Australia and China share a strong and rapidly growing trade and economic relationship. Further strengthening and deepening this relationship is a major priority for both countries, with both governments committed to sustaining the impressive trade and investment performance achieved in the past two decades. In that time, China has become Australia’s largest two-way trading partner and vital to Australia’s future economic prosperity.
On 18 April 2005, Australia and China agreed to commence negotiations on a Free Trade Agreement (FTA) following consideration of a joint FTA Feasibility Study. The study was completed in March 2005, and concluded that there would be significant economic benefits for both Australia and China through the negotiation of an FTA.

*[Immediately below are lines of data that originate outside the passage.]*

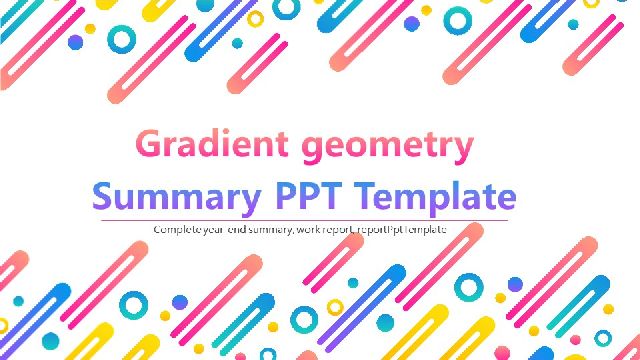 <b>Geometric Gradient Style PowerPoint Template</b>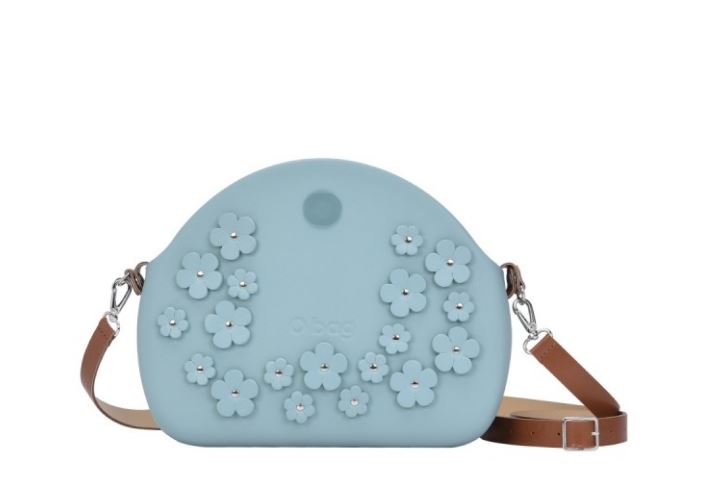 O bag moon light con fiori estate 2017 prezzo 96 euro colore verde antico 1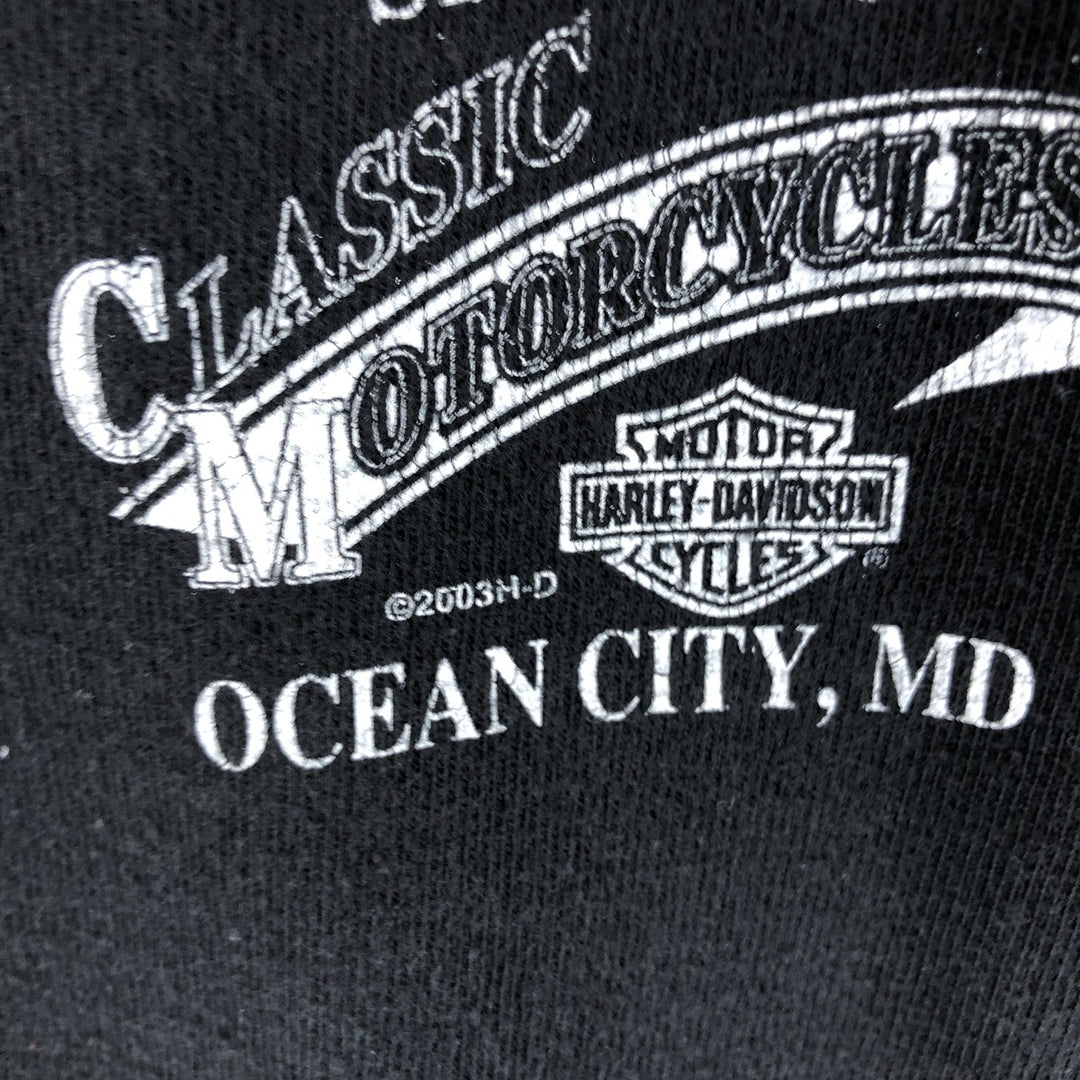 00'S Harley-Davidson Long Sleeve T-Shirt, Men's XXL unknown black type Vintage Second Hand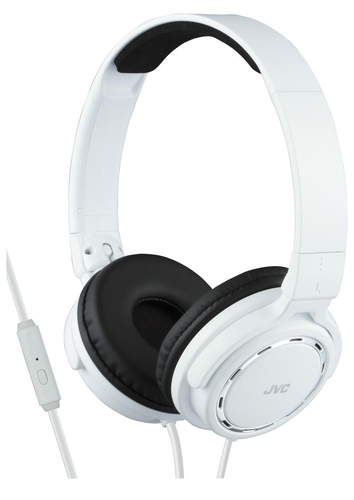JVC HA-SR525-W-E Premium sound lightweight headphones with remote & mic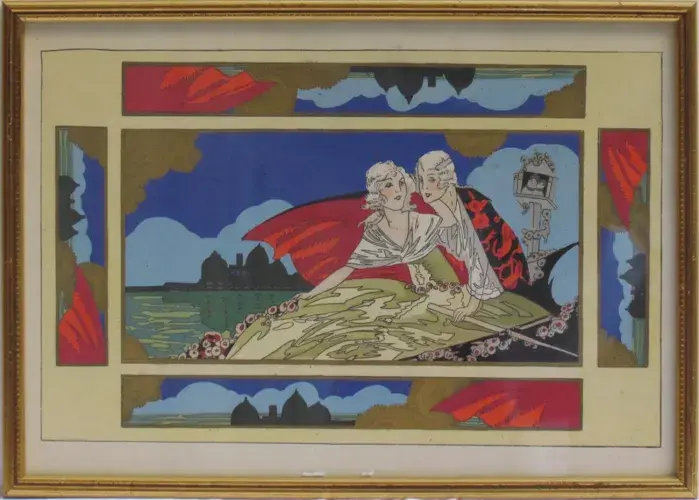 achat tableau Venise Amoureux à Venise d'Umberto Brunelleschi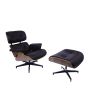 bluefurn fåtölj med Hocker XL | Eames stil EA670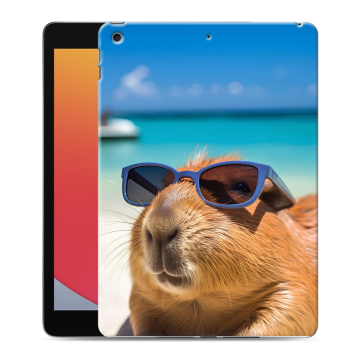 Силиконовый чехол на Ipad 10.2 (2020) с принтом Капибара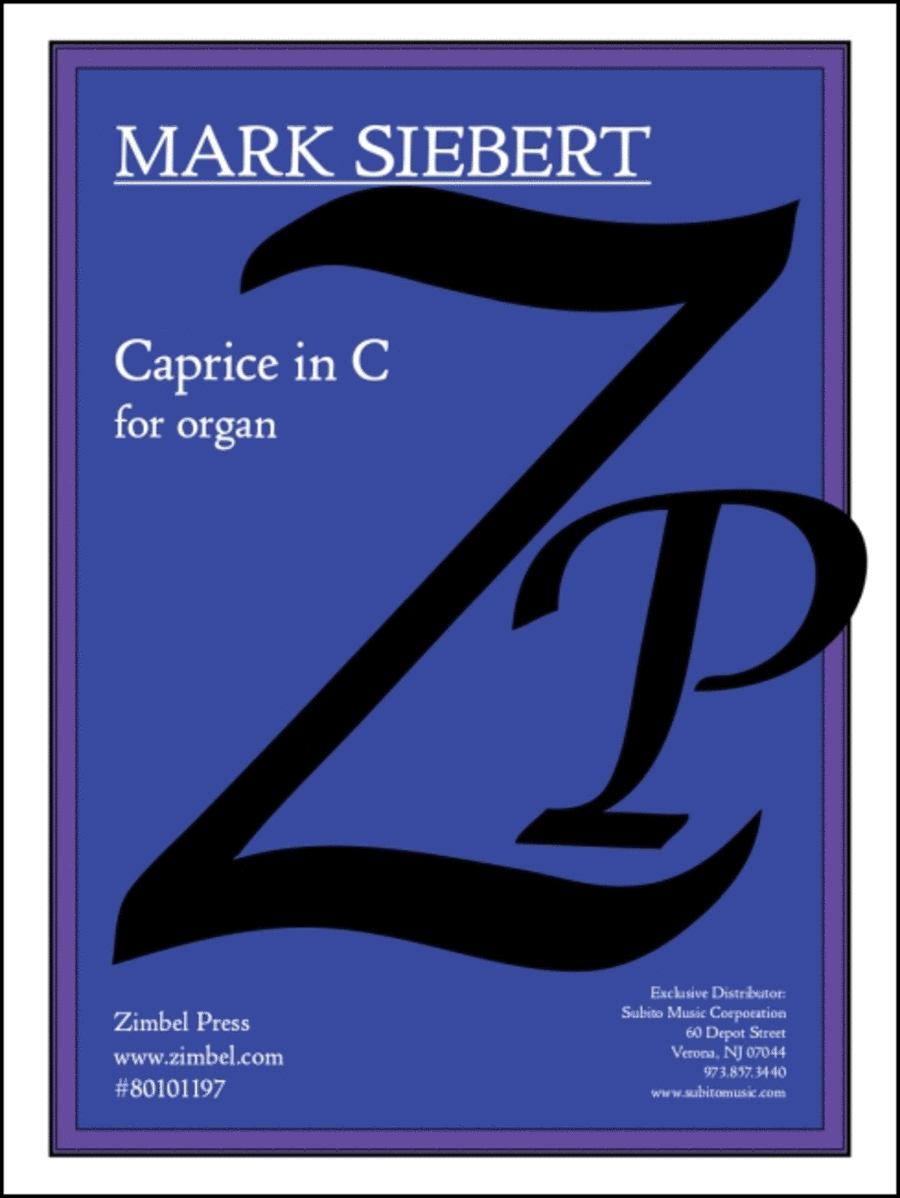 Caprice in C Organ scores gallery preview page 1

The negotiations are complex, covering an array of issues, including agricultural tariffs and quotas, manufactured goods, services, temporary entry of people and foreign investment.

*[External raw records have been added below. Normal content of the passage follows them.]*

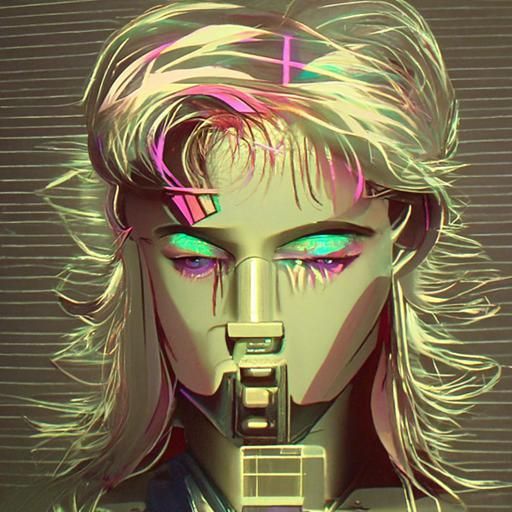 Vibrant Synthwave Inspired Art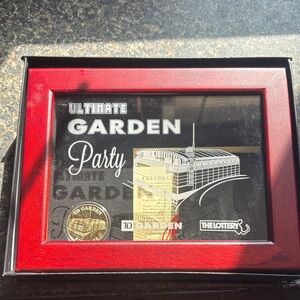 Ultimate Garden Party Framed Memorabilia with Red and Black Accents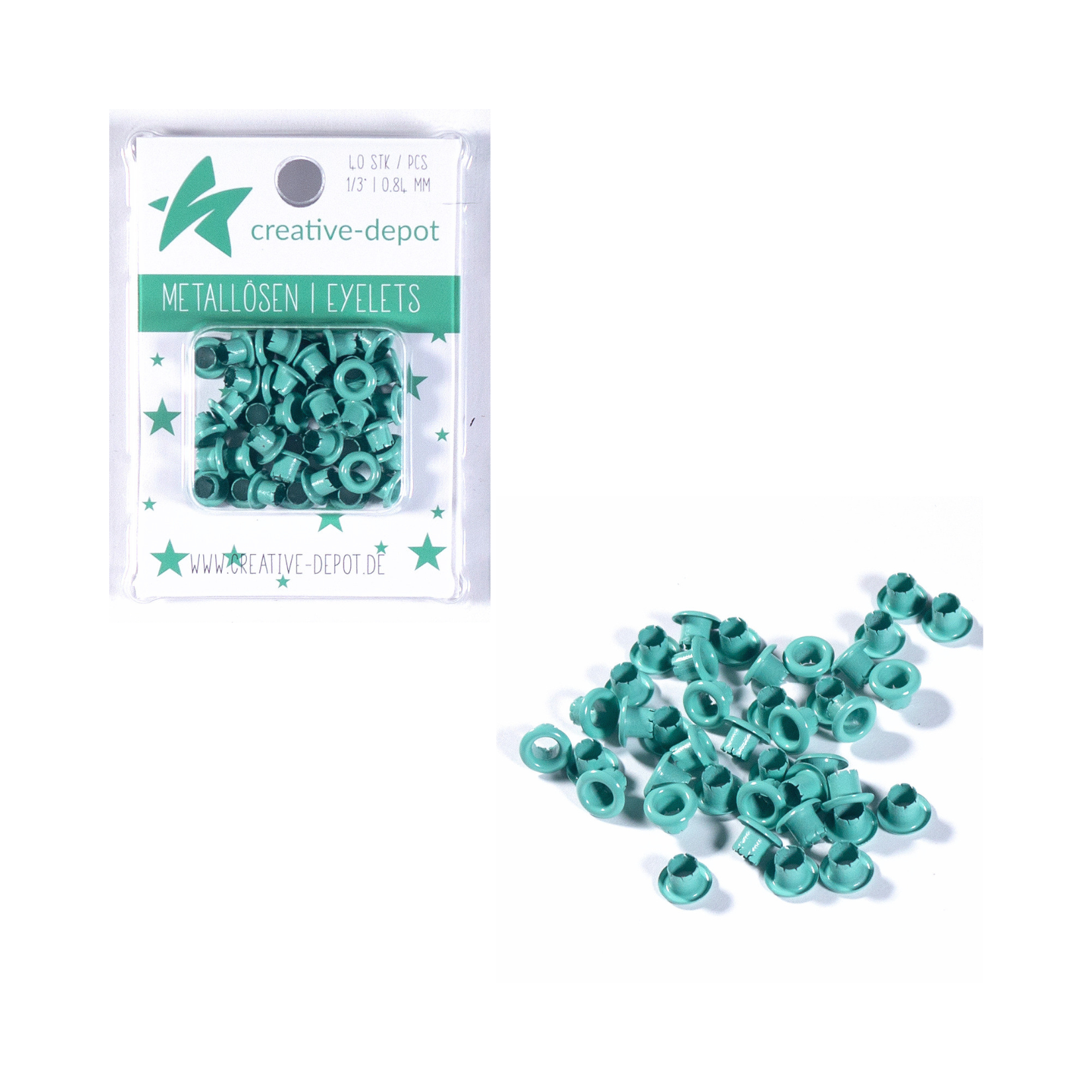 Eyelets - Türkis - 8mm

China’s economic development has been truly remarkable by any measure. For three decades now it has sustained growth at an average of around 10 per cent per annum. China now accounts for a substantial and increasing share of global economic activity. Over the past 10 years, it has almost tripled its share of the global economy to become the second largest economy after the United States. China now uses a large share of the global output of commodities, not only because it’s a large economy, but also because it makes relatively intensive use of raw commodities. This reflects the high rate of investment in China as it adds rapidly to its stocks of capital and housing. One driver of this has been the rapid urbanisation of China. This requires the construction of new housing and places of work, as well as transport, communications, power, and water storage and treatment facilities.

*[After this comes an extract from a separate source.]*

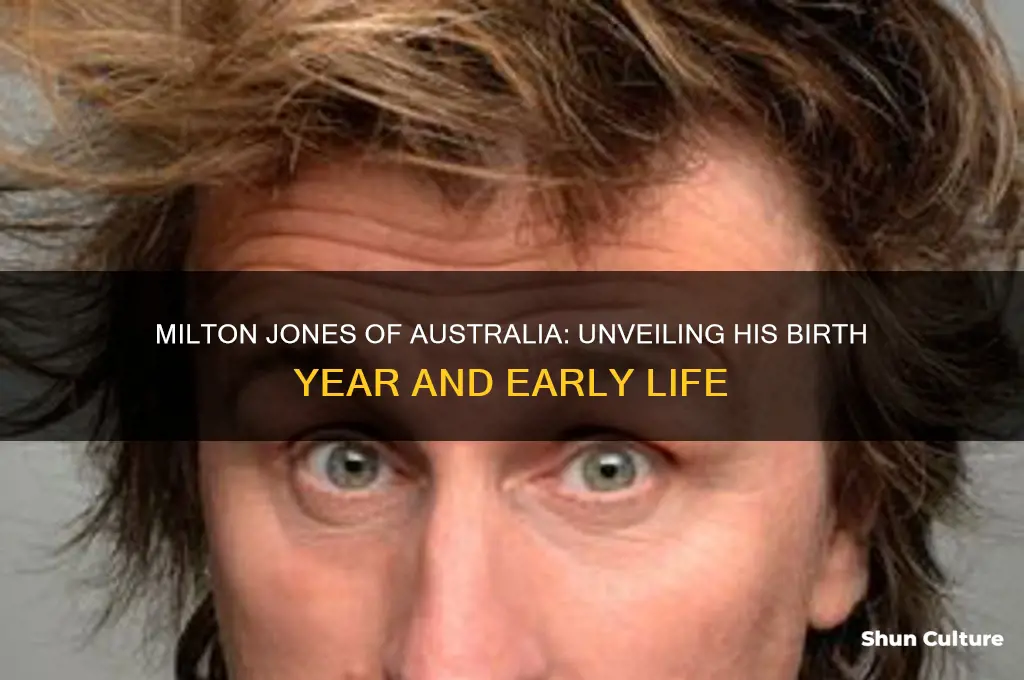 what year was milton jones born of australia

China now uses about half of the world’s production of iron ore, coking coal and thermal coal. Not surprisingly then, the growth of China has seen the price of Australia’s commodity exports rise to unprecedented levels. Accordingly, Australia’s terms of trade – the price of our exports relative to the price of our imports – started rising rapidly from the mid 2000s to an historic peak in late 2011. This has led to a dramatic increase in investment in the resources sector in Australia. Even though the terms of trade have declined since then, they remain well above their level of a decade ago.